Just a week ago, I wrote a blog about Robocalls, and how they can become a potent variant as a Cyberthreat. At the present time, they are more of annoyance than a real risk. But in this piece, I also forgot to mention another type of call related attack, which makes use of the principles of Social Engineering.
This one is called “V-Phishing”, is also known as “Vishing”. In this, case, rather than sending out Emails, the Cyberattacker calls you instead on the phone, attempting to con you out of giving away your Personal Identifiable Information (PII).
But, also as mentioned, as the American public is becoming much more aware and attuned to Phishing based Emails, the Cyberattacker, is now shifting their strategies to use voice-based scams instead. In fact, this kind of Cyberattack even has its own technical term, and it is called “Voice Fraud”. Imagine that? I have never heard of that until this morning as I started to write this blog.
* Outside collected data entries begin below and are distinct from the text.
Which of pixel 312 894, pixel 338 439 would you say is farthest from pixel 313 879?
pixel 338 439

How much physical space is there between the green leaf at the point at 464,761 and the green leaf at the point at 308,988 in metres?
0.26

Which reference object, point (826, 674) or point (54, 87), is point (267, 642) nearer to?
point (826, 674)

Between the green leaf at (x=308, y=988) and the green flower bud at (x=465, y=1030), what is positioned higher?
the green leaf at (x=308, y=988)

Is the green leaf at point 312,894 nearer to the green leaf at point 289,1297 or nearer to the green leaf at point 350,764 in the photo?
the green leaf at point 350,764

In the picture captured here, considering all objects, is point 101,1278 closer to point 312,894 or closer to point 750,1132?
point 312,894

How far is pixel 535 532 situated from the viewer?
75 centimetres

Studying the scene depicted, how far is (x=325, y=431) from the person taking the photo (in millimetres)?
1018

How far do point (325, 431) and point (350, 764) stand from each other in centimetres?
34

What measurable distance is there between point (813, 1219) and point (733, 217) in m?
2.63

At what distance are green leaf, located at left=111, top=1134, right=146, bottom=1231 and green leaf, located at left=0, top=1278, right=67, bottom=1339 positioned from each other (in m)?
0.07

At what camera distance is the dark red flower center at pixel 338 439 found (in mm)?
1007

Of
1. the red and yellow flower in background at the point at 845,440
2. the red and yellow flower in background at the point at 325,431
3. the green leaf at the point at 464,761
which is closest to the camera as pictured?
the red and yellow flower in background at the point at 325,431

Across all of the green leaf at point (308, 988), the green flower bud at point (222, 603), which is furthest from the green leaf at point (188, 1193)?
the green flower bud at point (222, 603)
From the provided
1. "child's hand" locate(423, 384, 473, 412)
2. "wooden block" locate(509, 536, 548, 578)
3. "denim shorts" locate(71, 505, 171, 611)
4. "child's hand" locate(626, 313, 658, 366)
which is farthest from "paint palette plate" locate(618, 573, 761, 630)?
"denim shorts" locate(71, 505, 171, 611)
This is no laughing matter, and it should be taken very seriously. As far as I know, there have not been too many headlines about it that I have come across, but there is strong potential that this could make waves starting next year. This is according to the latest market intelligence report that was conducted by Pindrop. Their project is entitled “Voice Intelligence Report”, and it can be downloaded at this link:
Here are some of the key findings, and they really are quite alarming:
*There are 90+ voice fraud attempts that occur every minute here in the United States;
*Voice fraud has increased by 350% from 2014 to 2018;
*Insurance claim voice fraud has increased by 248%, with average payout being well over $500,000;
*In 2018, there were over 446 million PII records that were hijacked has a result of voice fraud;
*The Top industries that are most at risk for voice fraud:
*Financial (primarily that of Banking and Credit Unions);
*Credit card issuers;
There are two variants of Voice Fraud that are expected to be further exploited into 2020, and they are as follows:
This can be defined specifically as follows:
“Deepfakes refer to manipulated videos, or other digital representations produced by sophisticated artificial intelligence, that yield fabricated images and sounds that appear to be real.”
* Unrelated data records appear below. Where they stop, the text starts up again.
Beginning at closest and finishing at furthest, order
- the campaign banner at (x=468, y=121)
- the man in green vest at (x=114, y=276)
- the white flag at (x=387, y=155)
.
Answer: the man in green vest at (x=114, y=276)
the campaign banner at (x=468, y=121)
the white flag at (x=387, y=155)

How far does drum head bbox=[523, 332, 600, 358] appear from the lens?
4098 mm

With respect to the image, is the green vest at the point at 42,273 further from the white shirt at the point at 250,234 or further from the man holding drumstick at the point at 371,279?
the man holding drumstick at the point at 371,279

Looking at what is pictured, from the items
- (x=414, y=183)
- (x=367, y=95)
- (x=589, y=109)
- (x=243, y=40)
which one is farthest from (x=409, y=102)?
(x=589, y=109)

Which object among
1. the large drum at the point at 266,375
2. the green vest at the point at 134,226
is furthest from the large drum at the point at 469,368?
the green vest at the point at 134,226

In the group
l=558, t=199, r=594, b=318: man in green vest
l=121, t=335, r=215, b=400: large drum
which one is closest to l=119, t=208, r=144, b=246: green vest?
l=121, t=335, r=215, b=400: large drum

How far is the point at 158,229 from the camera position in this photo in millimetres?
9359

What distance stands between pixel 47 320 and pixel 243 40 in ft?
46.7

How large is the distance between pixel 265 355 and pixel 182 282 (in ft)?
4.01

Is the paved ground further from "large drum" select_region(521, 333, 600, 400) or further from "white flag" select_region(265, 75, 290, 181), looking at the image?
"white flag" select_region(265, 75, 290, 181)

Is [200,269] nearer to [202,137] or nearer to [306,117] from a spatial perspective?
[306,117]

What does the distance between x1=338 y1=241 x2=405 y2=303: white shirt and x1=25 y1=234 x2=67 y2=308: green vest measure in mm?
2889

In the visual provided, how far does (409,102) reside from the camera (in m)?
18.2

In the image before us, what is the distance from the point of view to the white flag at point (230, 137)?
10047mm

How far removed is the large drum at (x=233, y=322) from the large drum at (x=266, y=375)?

In other words, imagine that you are watching a TV program with your favorite actor or actress in it. Through the use of Artificial Intelligence (AI) and very sophisticated video manipulation, a computer-based mockup of this person can be created that looks like the real thing. The term “Deepfake” is actually a combination of two other words, which are “Deep Learning” and “Fake”. This is actually a subset of AI. In other words, the AI system can literally examine photos and videos of the target individual, and over a short period of time, create an almost exact replica of that person. While this does have its entertainment value, it also has its grave security risks as well. This actually took place back in the 2016 Presidential Elections, when Deepfakes of both Trump and Clinton. But since then, AI has rapidly advanced, and it is very much feared that it will be used to a great extent in the 2020 Presidential Elections. One of the biggest risks is that a Cyberattacker could create various Deepfakes the of the two leading candidates and send out videos over Social Media asking for monetary donations. But don’t ever fall for this, as not only will your money be sent to a fraudulent bank account, but your other financial information will be at grave risk as well. Of course, can also be used for other forms of Phishing campaigns as well. It is also important to note that Deepfakes make use of a very sophisticated algorithm known as “Generative Adversarial Networks”, or “GANs” for short. This kind of algorithm has been designed that look for flaws and weaknesses in the current methods of forgery and tries to overcome them.
2) Synthetic Voices:
This can be defined as follows:
“A synthetic voice is an artificially produced version of human speech. Speech synthesis is just another form of information output where a computer reads words to you out loud in a real or simulated voice, played through the device’s speaker; this is often called text-to-speech (TTS).”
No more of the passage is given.